WHAT TO WORK ON ▸
The lines below starting at the line containing "rear view of house with a yard" and ending at the line containing "a refined outfit" are to be repeated exactly, with both ends kept and nothing else added.

====

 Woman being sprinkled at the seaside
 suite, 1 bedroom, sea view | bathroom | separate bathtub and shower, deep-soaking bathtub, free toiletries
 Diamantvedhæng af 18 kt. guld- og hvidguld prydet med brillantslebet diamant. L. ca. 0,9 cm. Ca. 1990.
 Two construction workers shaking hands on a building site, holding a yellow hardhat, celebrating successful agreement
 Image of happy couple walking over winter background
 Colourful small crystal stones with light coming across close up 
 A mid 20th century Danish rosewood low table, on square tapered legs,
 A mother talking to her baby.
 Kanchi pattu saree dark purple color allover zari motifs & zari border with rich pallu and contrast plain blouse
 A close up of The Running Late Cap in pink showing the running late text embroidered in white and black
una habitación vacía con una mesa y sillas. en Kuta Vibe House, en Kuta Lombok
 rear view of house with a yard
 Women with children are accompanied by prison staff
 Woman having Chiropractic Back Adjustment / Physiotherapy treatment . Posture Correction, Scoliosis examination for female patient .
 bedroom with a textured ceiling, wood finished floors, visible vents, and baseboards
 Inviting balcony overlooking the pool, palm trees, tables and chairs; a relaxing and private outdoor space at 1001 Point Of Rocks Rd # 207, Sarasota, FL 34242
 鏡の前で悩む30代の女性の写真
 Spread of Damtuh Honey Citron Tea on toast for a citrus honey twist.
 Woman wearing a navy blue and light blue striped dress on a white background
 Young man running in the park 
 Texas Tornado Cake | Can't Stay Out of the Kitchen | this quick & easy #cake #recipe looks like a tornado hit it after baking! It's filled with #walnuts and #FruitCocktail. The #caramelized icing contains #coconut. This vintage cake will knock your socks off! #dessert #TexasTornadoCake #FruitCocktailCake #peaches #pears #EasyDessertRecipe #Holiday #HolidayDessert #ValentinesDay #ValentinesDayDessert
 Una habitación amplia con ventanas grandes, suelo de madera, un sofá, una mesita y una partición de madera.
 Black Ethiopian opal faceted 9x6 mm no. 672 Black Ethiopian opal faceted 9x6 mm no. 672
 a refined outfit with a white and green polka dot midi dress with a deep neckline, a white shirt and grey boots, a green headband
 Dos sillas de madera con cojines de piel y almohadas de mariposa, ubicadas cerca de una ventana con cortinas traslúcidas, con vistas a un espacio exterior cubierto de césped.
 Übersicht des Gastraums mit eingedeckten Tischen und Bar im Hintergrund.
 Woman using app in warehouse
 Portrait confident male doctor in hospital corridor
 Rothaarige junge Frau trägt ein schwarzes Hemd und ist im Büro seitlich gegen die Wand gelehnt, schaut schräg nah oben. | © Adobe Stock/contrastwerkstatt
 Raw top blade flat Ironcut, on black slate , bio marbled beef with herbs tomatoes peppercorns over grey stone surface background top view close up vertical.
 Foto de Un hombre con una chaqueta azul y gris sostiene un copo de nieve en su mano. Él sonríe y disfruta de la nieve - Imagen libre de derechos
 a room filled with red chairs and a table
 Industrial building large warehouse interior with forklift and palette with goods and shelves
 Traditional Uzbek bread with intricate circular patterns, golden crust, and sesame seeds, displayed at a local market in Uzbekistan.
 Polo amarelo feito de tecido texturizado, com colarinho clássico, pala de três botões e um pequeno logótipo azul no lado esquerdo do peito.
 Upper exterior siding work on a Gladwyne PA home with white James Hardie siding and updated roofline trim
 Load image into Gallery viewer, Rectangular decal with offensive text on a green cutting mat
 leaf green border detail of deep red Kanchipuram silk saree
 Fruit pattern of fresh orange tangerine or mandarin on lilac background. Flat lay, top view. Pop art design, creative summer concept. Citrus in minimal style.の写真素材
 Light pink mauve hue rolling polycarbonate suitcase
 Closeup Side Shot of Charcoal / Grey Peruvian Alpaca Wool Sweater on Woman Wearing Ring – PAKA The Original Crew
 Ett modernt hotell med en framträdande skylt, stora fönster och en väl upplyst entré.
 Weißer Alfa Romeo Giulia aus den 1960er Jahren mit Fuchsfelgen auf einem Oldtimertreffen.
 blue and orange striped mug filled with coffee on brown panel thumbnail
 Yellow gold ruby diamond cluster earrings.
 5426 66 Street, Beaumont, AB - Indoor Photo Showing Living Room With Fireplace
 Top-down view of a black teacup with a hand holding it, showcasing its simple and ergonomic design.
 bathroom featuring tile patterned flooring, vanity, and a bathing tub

====

SOLUTION TO THIS TASK ▸
 rear view of house with a yard
 Women with children are accompanied by prison staff
 Woman having Chiropractic Back Adjustment / Physiotherapy treatment . Posture Correction, Scoliosis examination for female patient .
 bedroom with a textured ceiling, wood finished floors, visible vents, and baseboards
 Inviting balcony overlooking the pool, palm trees, tables and chairs; a relaxing and private outdoor space at 1001 Point Of Rocks Rd # 207, Sarasota, FL 34242
 鏡の前で悩む30代の女性の写真
 Spread of Damtuh Honey Citron Tea on toast for a citrus honey twist.
 Woman wearing a navy blue and light blue striped dress on a white background
 Young man running in the park 
 Texas Tornado Cake | Can't Stay Out of the Kitchen | this quick & easy #cake #recipe looks like a tornado hit it after baking! It's filled with #walnuts and #FruitCocktail. The #caramelized icing contains #coconut. This vintage cake will knock your socks off! #dessert #TexasTornadoCake #FruitCocktailCake #peaches #pears #EasyDessertRecipe #Holiday #HolidayDessert #ValentinesDay #ValentinesDayDessert
 Una habitación amplia con ventanas grandes, suelo de madera, un sofá, una mesita y una partición de madera.
 Black Ethiopian opal faceted 9x6 mm no. 672 Black Ethiopian opal faceted 9x6 mm no. 672
 a refined outfit with a white and green polka dot midi dress with a deep neckline, a white shirt and grey boots, a green headband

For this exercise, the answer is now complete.